You are viewing a plain text version of this content. The canonical link for it is here.
Posted to user@lenya.apache.org by Åsmund Tharaldsen <as...@netcom-gsm.no> on 2004/09/28 16:05:47 UTC
Excluding the sitetree in the search
Hi!
We are using Lucene in the search. When we are doing a search, the result also
includes the menu (data from the sitetree.xml). Therefore we get more
results/hits than necessary.
Since the crawling is using the sitetree.xml, we can't exclude it before the
crawling. So we are trying to resolve this by using the "org.apache.lenya.
lucene.index.ConfigurableIndexer" instead of the DefaultIndexer. Our crawler
produces html-files.

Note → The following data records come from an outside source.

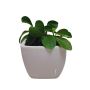 Buy Online Peperomia Green Plant @99 - ManBhawan Nursery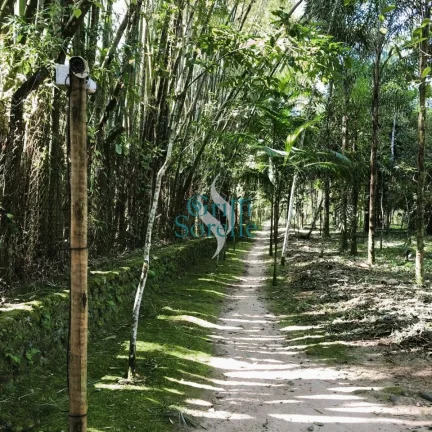 Imagem Terreno à Venda em Condomínio no Horto Florestal - Ubatuba/SP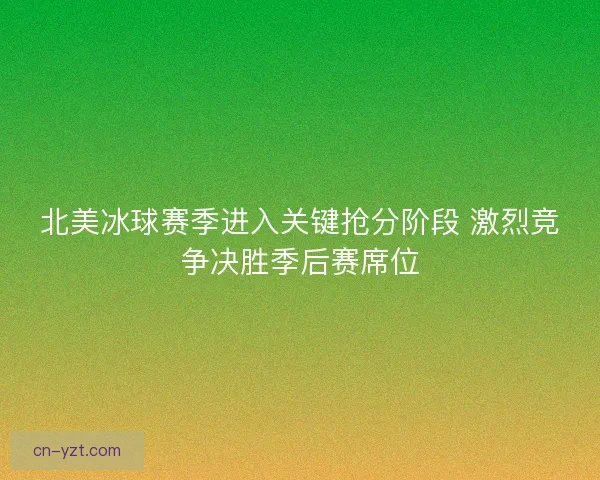 北美冰球赛季进入关键抢分阶段 激烈竞争决胜季后赛席位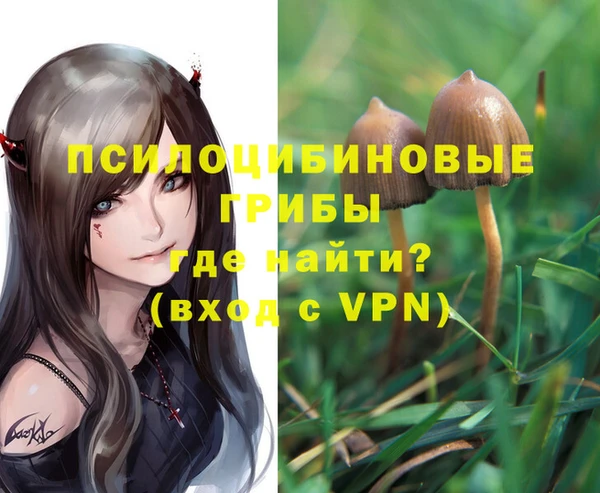 винт Нея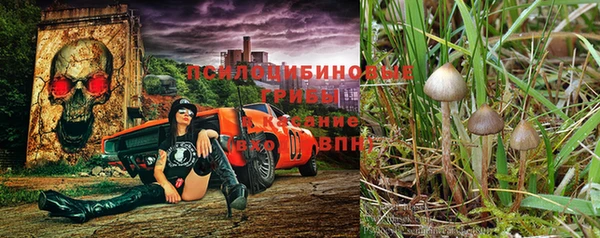 бутират Алзамай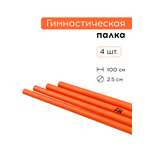 Активная игра FN Plastic Stick 1 м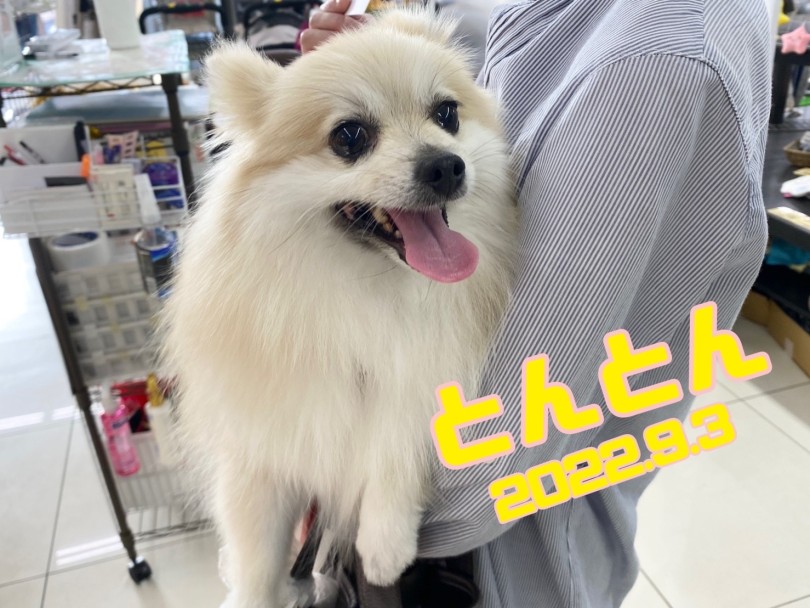 ★とんとん★ | 365プロジェクトデイリー【9月版】 - 横浜 大倉山店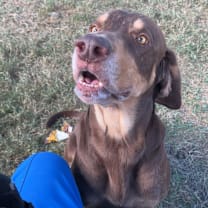 Thumbnail photo of Pauly #4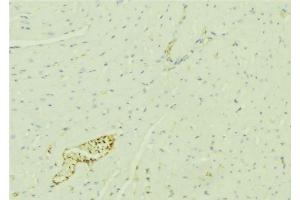 ABIN6276392 at 1/100 staining Mouse liver tissue by IHC-P. (STEAP3 抗体  (N-Term))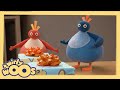 Sarma | Twirlywoos | Türk Çocuk Çizgi Filmleri | WildBrain Türkçe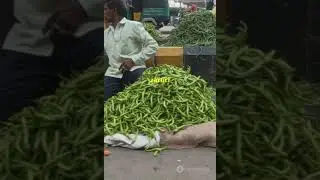 कैसे भारतीय एक डिश से बचा रहे हैं ग्रह! #plantbasedhealing  #sustainableliving  #ecofriendly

We are trying to filter when generating the index by
reading the title and the content, where the content we want is marked/started
with <td id="content">.
Our "lucene-live.xconf" looks like this:
<?xml version="1.0"?>
<lucene>
<update-index type="new"/>
<index-dir src="../../work/search/lucene/index/live/index"/>
<htdocs-dump-dir src="../../work/search/lucene/htdocs_dump/live"/>
<indexer class="org.apache.lenya.lucene.index.ConfigurableIndexer">
<configuration src="cmfs-luceneDoc.xconf"/>
<extensions src="html"/>
</indexer>
</lucene>
And our "cmfs-luceneDoc.xconf" looks like:
<?xml version="1.0"?>
<luc:document xmlns:luc="http://apache.org/cocoon/lenya/lucene/1.0">
<luc:field name="title" type="Text" xpath="/html/head/title"/>
<luc:field name="contents" type="Text"
xpath="/html/body/table/td[@id='content']"/>
</luc:document>
Has anybody tried to do anything like this ?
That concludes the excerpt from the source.